Zusammen mit dem Architekten Edgar Schwinghammer aus Kiel, der seit 1980 schwerpunktmäßig in der Sanierung historischer Substanz und Denkmalpflege tätig ist, schaut sich die Projektleiterin in den von Rohbauarbeiten gezeichneten Räumen um. „Dieses herrschaftliche Haus ist jede Anstrengung wert.“ Begeistert zeigt sie auf die barocke Treppe, Stilrichtung Rokoko, die sich vom großzügigen Eingangsbereich bis ins Dachgeschoss erstreckt. 

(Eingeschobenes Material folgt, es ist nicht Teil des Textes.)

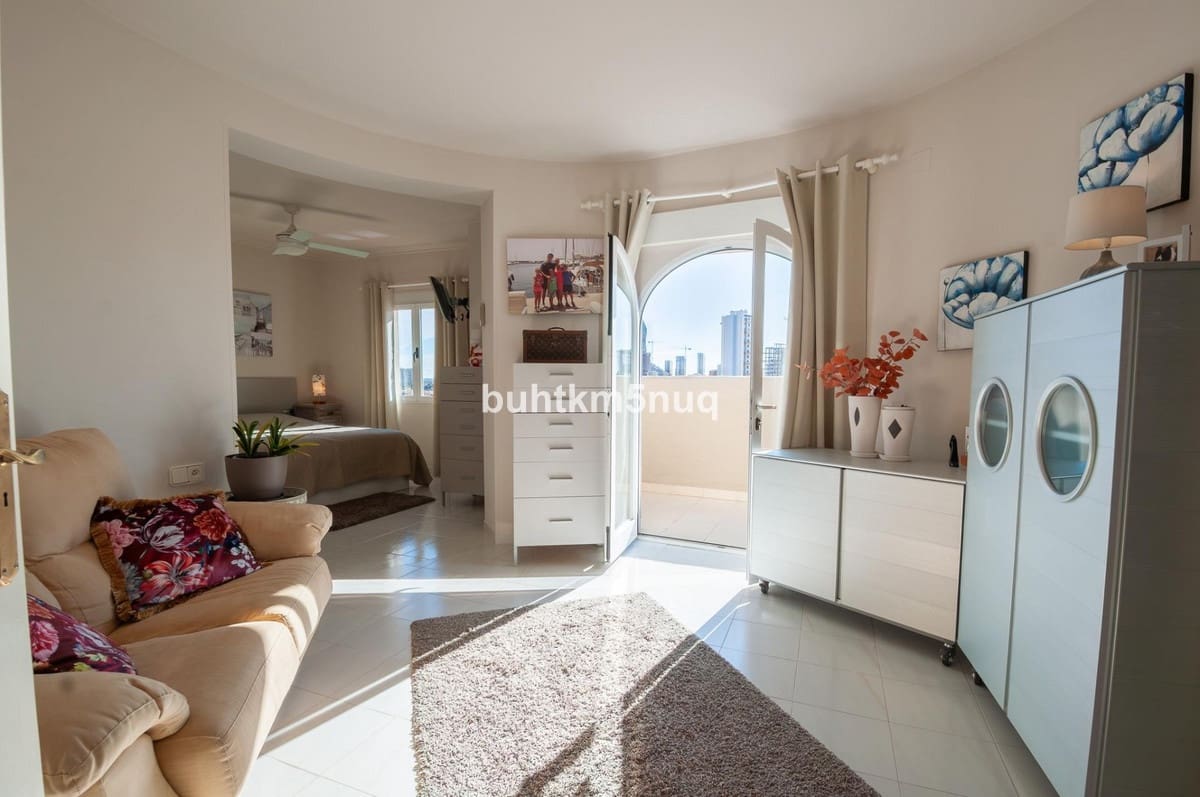 4 makuuhuone Huvila myytävänä paikassa Calpe / Calp mukana uima-altaan - 870 000 € (Ref: 9496602)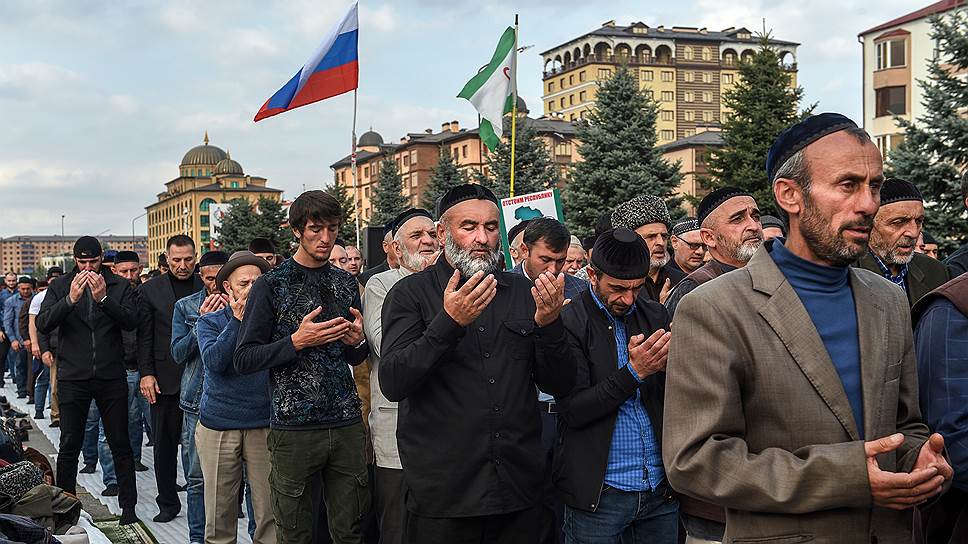 Участники митинга во время молитвы 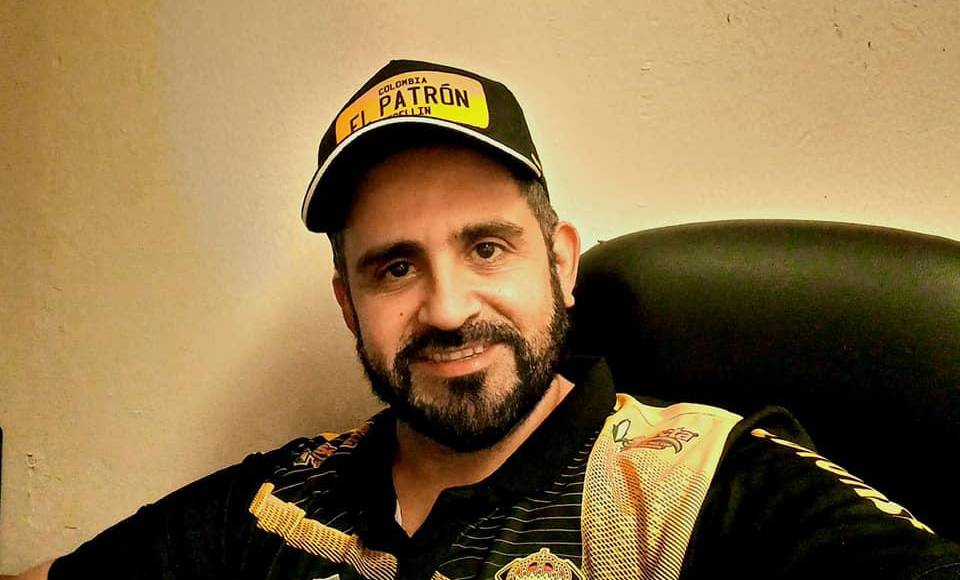 Marco era ingeniero pero debido a que se quedó sin trabajo comenzó a laborar como taxista VIP en una aplicación llamada Indrive.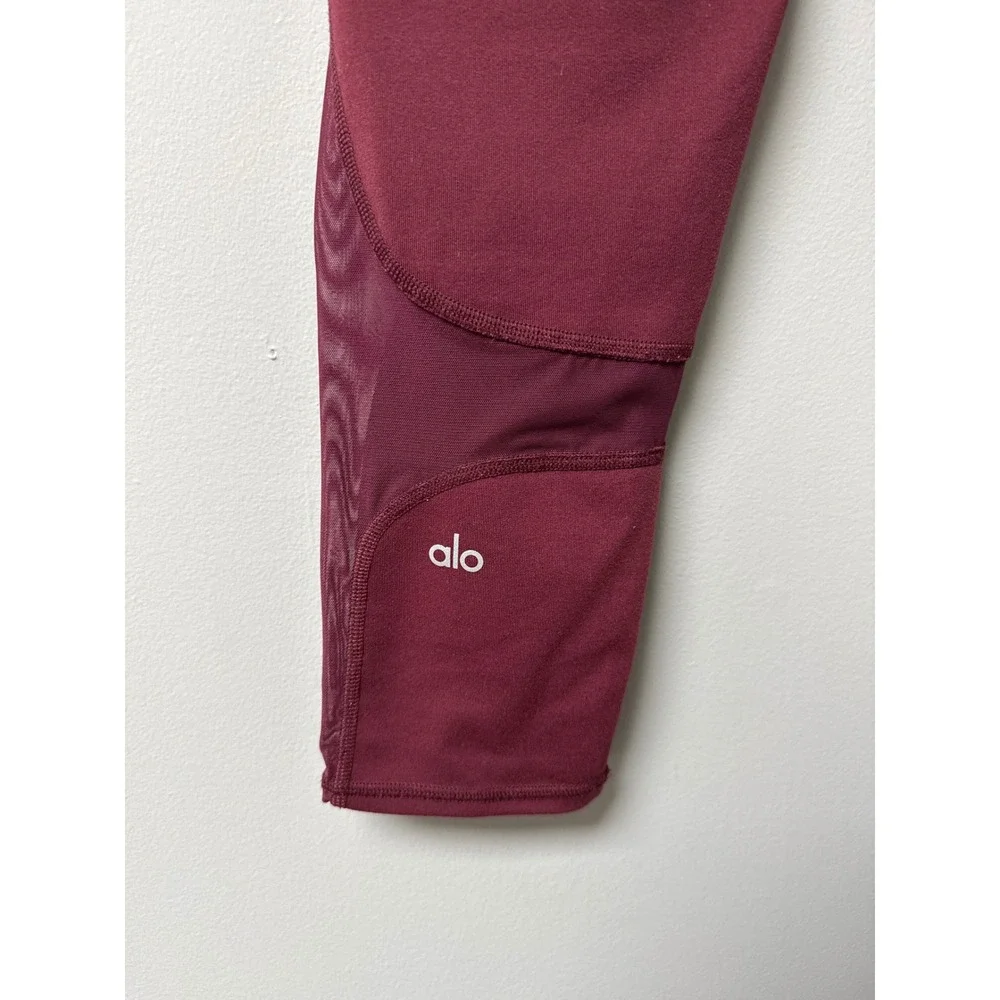 Alo Yoga High Waist Coast Capri Leggings Juneberry Womens S Activewear Gym EUC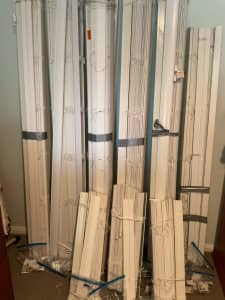BARGAIN…..HOUSEFUL OF VENETIAN BLINDS.(Assorted Prices)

Als Reiz des Gebäudes betrachtet Petra Hartmann-Laugs die vielen architektonischen und kunsthistorischen Schätze. Da sind beispielsweise die originalen Gemälde Vier Jahreszeiten in einem großen Saal im zweiten Geschoss, die erhaltenen Holzpaneele, die Stuckdecken, deren Originalsubstanz teilweise stark angegriffen ist und die restauriert werden sollen. „Auch die historischen Tapeten werden in einer Restauratorenwerkstatt aufgearbeitet“, ergänzt Schwinghammer

Grundinstandsetzung unerlässlich

Der Zahn der Zeit habe an dem Gebäude derart genagt, dass eine Grundinstandsetzung unerlässlich sei. Erst vor drei Jahren habe die Familie Hartmann im Rahmen der nördlichen Altstadtsanierung der Stadt einen Förderantrag stellen können. „Das Verfahren war sehr aufwendig, hat große Kraft und Geduld erfordert. Aber die öffentliche Förderung ist eine große Hilfe für den Erhalt dieses historischen Gebäudes.“ Hervorragend gestalte sich die Zusammenarbeit mit der Denkmalpflege. „Wir haben zusammen mit den Behörden ein Sanierungskonzept entwickelt, das sowohl den Denkmalwert als auch den Wirtschaftlichkeitsaspekt berücksichtigt.“ 

Das Gebäude hat eine wechselhafte Geschichte hinter sich. 1775 zog der Zollverwalter Johan Henrich Hallensen ein, 1801 wurde es Amtmannssitz, daher sein dänischer Name Amtmandsgarden. Der Holzhändler Johann Paap folgte 1817, 1921 Arbeitsamt und Arbeitsgericht, in den 1960er Jahren übernahm die dänische Minderheit das Haus.